WHAT YOU ARE ASKED TO DO → Reproduce each line of the entries that carries "Photo".

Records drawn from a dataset
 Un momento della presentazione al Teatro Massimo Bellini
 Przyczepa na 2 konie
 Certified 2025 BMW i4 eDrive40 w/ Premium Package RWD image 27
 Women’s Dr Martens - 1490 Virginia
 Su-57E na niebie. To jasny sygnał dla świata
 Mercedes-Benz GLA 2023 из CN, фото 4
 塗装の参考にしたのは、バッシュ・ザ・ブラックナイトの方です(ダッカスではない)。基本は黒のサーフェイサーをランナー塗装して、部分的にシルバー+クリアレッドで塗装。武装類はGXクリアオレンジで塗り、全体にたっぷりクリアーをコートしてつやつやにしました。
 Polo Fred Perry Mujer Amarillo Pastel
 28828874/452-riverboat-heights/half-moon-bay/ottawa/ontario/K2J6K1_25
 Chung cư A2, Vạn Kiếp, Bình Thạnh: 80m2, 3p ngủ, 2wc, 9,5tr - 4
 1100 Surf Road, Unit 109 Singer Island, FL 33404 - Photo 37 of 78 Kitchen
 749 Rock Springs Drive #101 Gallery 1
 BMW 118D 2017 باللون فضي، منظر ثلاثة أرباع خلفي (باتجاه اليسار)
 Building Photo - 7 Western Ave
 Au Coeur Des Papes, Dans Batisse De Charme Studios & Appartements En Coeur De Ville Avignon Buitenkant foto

SOLUTION FOR THIS PROBLEM →
 1100 Surf Road, Unit 109 Singer Island, FL 33404 - Photo 37 of 78 Kitchen
 Building Photo - 7 Western Ave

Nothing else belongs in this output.